One possibility for the situation where one gets a local min is as follows. Intersect the region with a sphere of radius slightly larger than the given distance, centered at the query point. Now one can repeat with a better chance of getting the global min. Moreover one can get an approximation by meshing the subregion, extracting vertices, and using ordinary Nearest
to find the closest vertex to the query point. I show this below.
Here is the original setup and the local min found.
pt = {-0.5, 4};
region = ImplicitRegion[y - x^2 == 0, {x, y}];
pt1 = RegionNearest[region, pt]
dist = EuclideanDistance[pt1, pt]
(* Out[64]= {1.83399714916, 3.36354556229}
Out[65]= 2.41921825051 *)
If we use a subregion comprised of points at most slightly further away, then we get a better minimal distance/closer point. We could of course go in the direction of being more exclusive, by taking a radius that excludes the point we found, and for some purposes that might be better. But I'll leave that for others to consider.
region2 =
ImplicitRegion[
y - x^2 == 0 && ({x, y} - pt).({x, y} - pt) <= 1.01*dist^2, {x, y}];
pt2 = RegionNearest[region2, pt]
dist2 = EuclideanDistance[pt2, pt]
(* Out[68]= {-1.90556930822, 3.63119438843}
Out[69]= 1.45314922129 *)
Here is the meshing approach mentioned above.

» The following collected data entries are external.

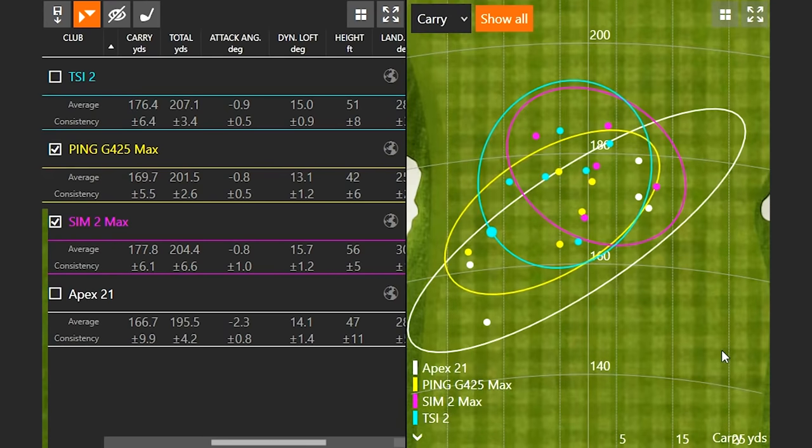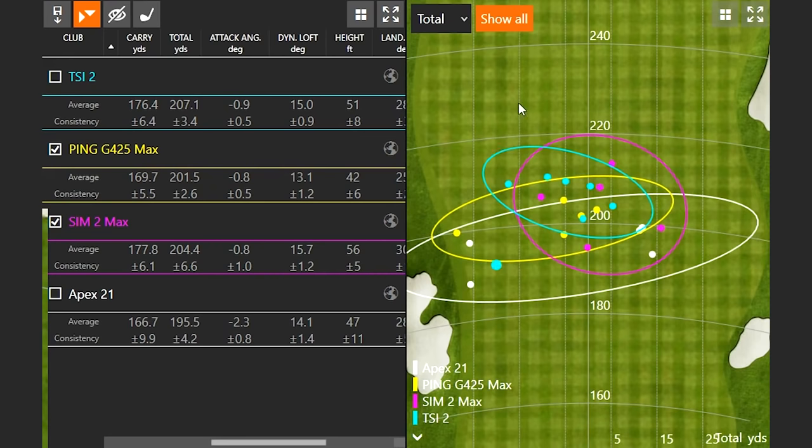If you're going to look at these dispersion circles, I'd always ask which circle looks best to you — looking at carry distance and total distance. The purple and the blue are definitely the top two. The Sim 2 Max and the TSI 2 will probably be the best hybrids you hit here today. But keep in mind, when you come in for a club fitting at Second Swing, it's going to be different — everyone hits clubs differently. Make sure you come in to Second Swing to get fit and figure out which hybrid is best for you. Jackie just illustrated which hybrid is best for her, and I appreciate her feedback on the look and feel. We'd love to help you find your newest hybrid and maybe replace a long iron out of your bag as well. Thanks for watching — come on in and get fit like a pro.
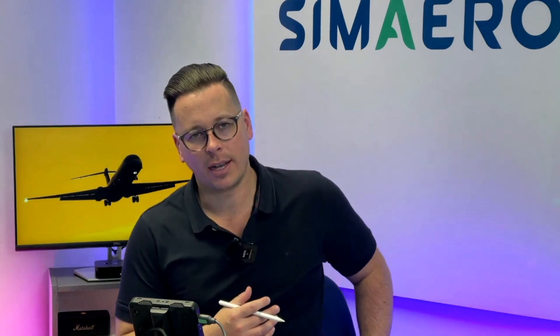Hi there everyone. Today I thought I would do a short video on the layout of the Embraer 145. The 145 is such a popular aircraft at the moment — it's a really great aircraft as a first jet. There are a lot of students transitioning from lighter aircraft or 1900s and Dash 8s to jet aircraft, and a lot of the time that transition is onto a 145.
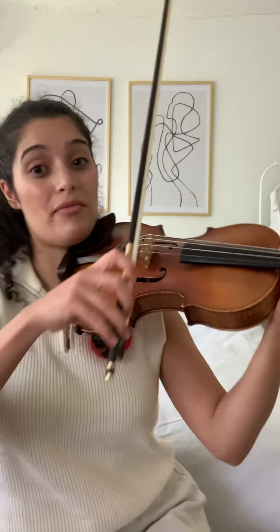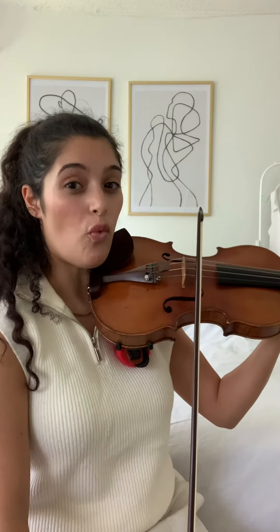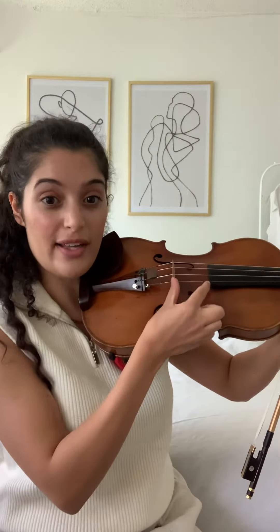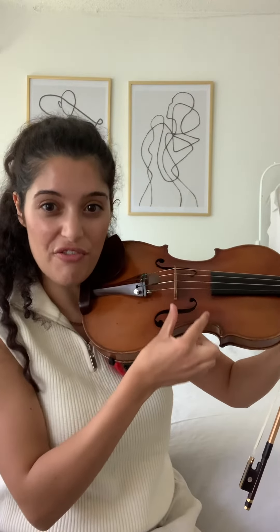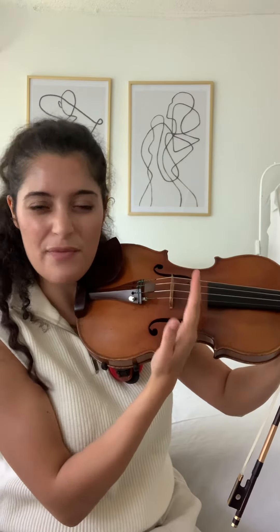I have two simple things to say about this one. The first is that you can finally employ the usage of long bows — that's going from your frog all the way to the tip of your bow. While you're doing this, make sure that you keep your bow parallel to these two lines: the bridge and the edge of the fingerboard, and that you keep your bow right in the middle whether you're at the frog or you're at the tip of the bow.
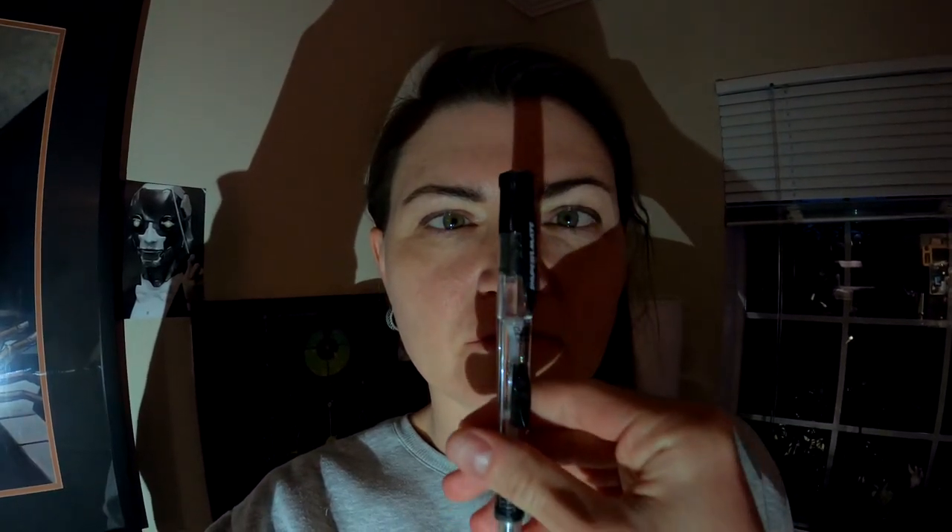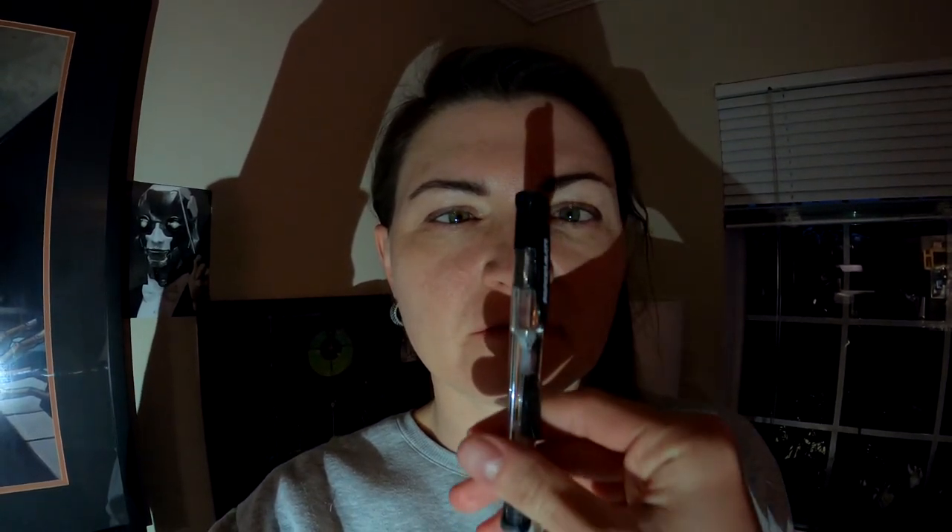Next we're going to check for accommodation. During accommodation, we're going to move an object closer to the patient's face and check whether their pupils are fixating on the object. As the object gets closer, the pupils should constrict.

ptlist = MeshCoordinates[DiscretizeRegion[region2]];
pt3 = First[Nearest[ptlist, pt]]
dist3 = EuclideanDistance[pt3, pt]
(* Out[71]= {-1.92080363722, 3.68948661277}
Out[72]= 1.4543388667 *)
One will note that it does give a good approximation to the globally closest point. This method might be slow, due to meshing algorithm internals, or too coarse, due to quality of mesh, so caveat emptor.
After writing the above I realized some of this is built in. One can just discretize the original region and do RegionNearest
on that.
pt4 = RegionNearest[DiscretizeRegion[region], pt]

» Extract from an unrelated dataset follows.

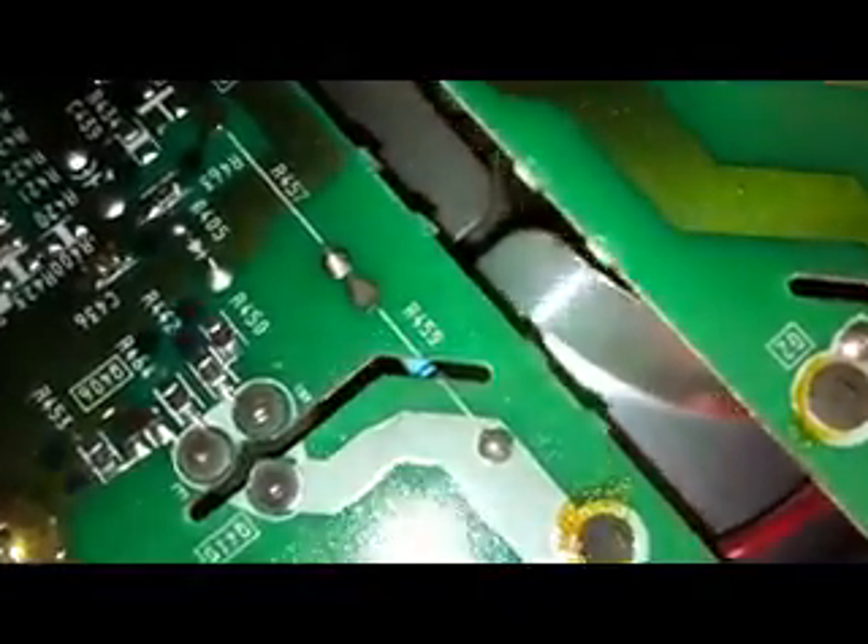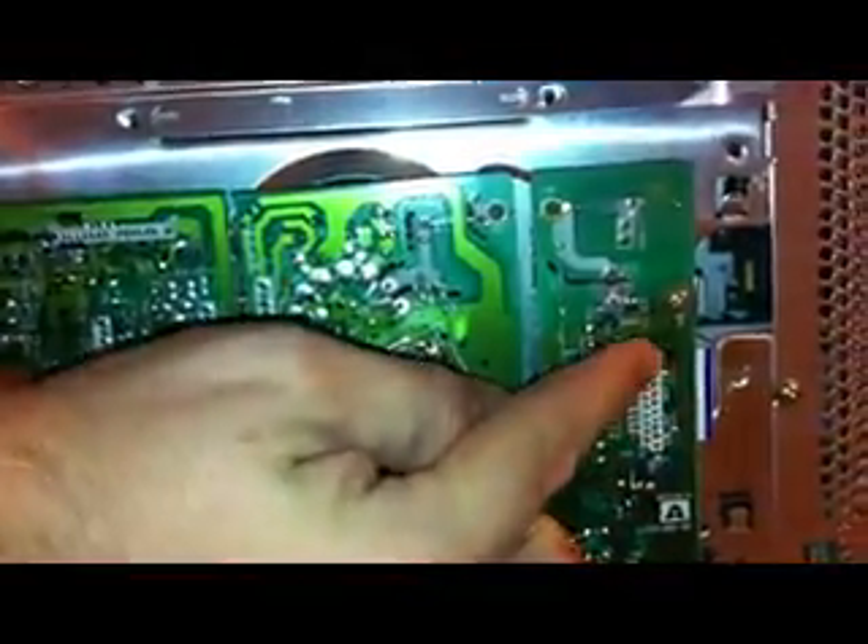We are looking for that resistor right there. That's the offending victim. R459. Looking the right way up, it's on the top, back of the screen. That board there, which is the right hand side, top. That resistor, top.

dist4 = EuclideanDistance[pt4, pt]
(* Out[74]= {-1.90493346777, 3.63315045973}
Out[75]= 1.45203878531 *)
Again, there might be speed issues and or artifacts from quality of the discretization such as a result that is too close (if discretization goes outside the boundary of the actual region) or too far (if discretization is too coarse to capture sufficient detail).